Theorem $\ $ Suppose that $\ m\in \mathbb N\ $ has the prime factorization $\:m = p_1^{e_{1}}\cdots\:p_k^{e_k}\ $ and suppose that for all $\,i,\,$ $\ e\ge e_i\ $ and $\ \phi(p_i^{e_{i}})\mid f.\ $ Then $\ m\mid a^e(a^f-1)\ $ for all $\: a\in \mathbb Z.$

Proof $\ $ Notice that if $\ p_i\mid a\ $ then $\:p_i^{e_{i}}\mid a^e\ $ by $\ e_i \le e.\: $ Else $\:a\:$ is coprime to $\: p_i\:$ so by Euler's phi theorem, $\!\bmod q = p_i^{e_{i}}:\, \ a^{\phi(q)}\equiv 1 \Rightarrow\ a^f\equiv 1\, $ by $\: \phi(q)\mid f.\ $ Since all $\ p_i^{e_{i}}\ |\ a^e (a^f - 1)\ $ so too does their lcm = product = $m$.

Examples $\ $ You can find many illuminating examples in prior questions, e.g. below

$\qquad\qquad\quad$ $24\mid a^3(a^2-1)$

$\qquad\qquad\quad$ $40\mid a^3(a^4-1)$

$\qquad\qquad\quad$ $88\mid a^5(a^{20}\!-1)$

$\qquad\qquad\quad$ $6p\mid a\,b^p - b\,a^p$

Answer 6

If you can prove $x^4 \equiv 1 \pmod {10}$ that's enough as $x^{n+4}\equiv x^n\cdot x^4 \equiv x^n\cdot 1\equiv x^n\pmod {10}$

If you google Euler's theorem that will be true for all numbers relatively prime to $10$. Intuitively (but hand wavy) if $x$ and $10$ are relatively prime then $x^n$ will be relatively prime.
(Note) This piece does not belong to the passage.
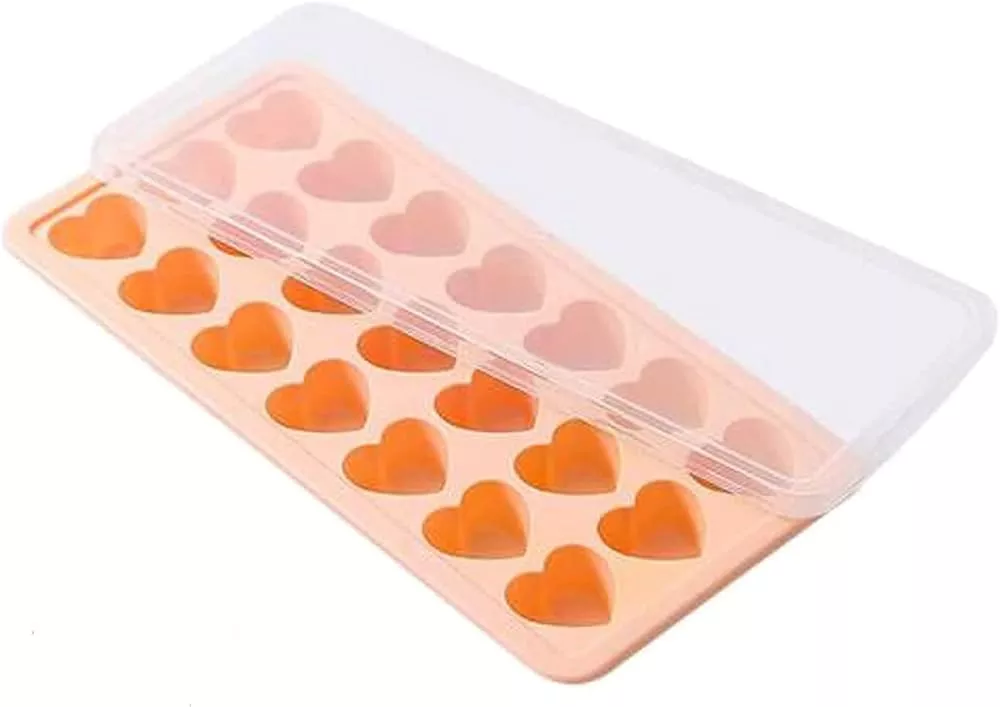 Webake silicone reusable heart shaped ice cube maker trays,Set of 3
There are only $4$ possible last digits that are relatively prime to $10$ so $x^k$ will cycle through the same four digits. (More or less.)

If $x$ is even or divisible by $5$. Well, if it's both then $x \equiv 0 \mod 10$ so $x^k \equiv 0 \pmod {10}$ and $x^{n+4} \equiv x^n \equiv 0\pmod {10}$. Likewise if it's odd but divisible by $5$ then $x^k \equiv 5 \pmod{10}$ and so $x^{n+4} \equiv x^n \equiv 5 \pmod {10}$.

Now if $x$ is even but not divisible by $5$ then. Well, $x^n$ is even and there are only $4$ even digits it could end with and it cycles through them.

More to the point $2*j \pmod 10 \equiv 2*(j \pmod 5)$ and there are only $4$ non-zero classes $\pmod 5$ so $x^k$ just cycles through those.

Answer 7

Because:

$x^{n+4} = x^{n-1}x^5$
$x^n = x^{n-1}x$
($ab\mod 10) = (a(b\mod 10) \mod 10)$

... you only have to prove that $(x^5 \mod 10)=(x\mod 10)$.

... which means: $((x \mod 10)^5\mod 10) = (x \mod 10)$.

Because there are only 10 possible values for $(x \mod 10)$ these 10 values can be calculated directly:

• $0^5\mod 10=0 \mod 10=0$
• $1^5\mod 10=1 \mod 10=1$
• $2^5\mod 10=32 \mod 10=2$
• $3^5\mod 10=243 \mod 10=3$
  ...
• $9^5\mod 10=59049 \mod 10=9$

Answer 8

Hint $$ x^{n} \left( x^4 - 1 \right) \equiv x^{n} \left( x^2 - 1 \right) \left( x^2 + 1 \right)\equiv \left( x - 1 \right) x \left(x+1\right) x^{n-1} \left( x^2 + 1 \right) \pmod{2}\\ x^{n} \left( x^4 - 1 \right) \equiv x^{n} \left( x^2 - 1 \right) \left( x^2 + 1 \right)\equiv x^{n} \left( x^2 - 1 \right) \left( x^2 -4 \right)\pmod{5}\\ \equiv x^{n-1} \left( x- 2 \right) \left( x- 1 \right) x\left( x+2 \right) \left( x+ 2 \right) \pmod 5 $$

Now use the fact that one of $x-1$ or $x$ is even, and that among 5 consecutive integers one is a multiple of 5.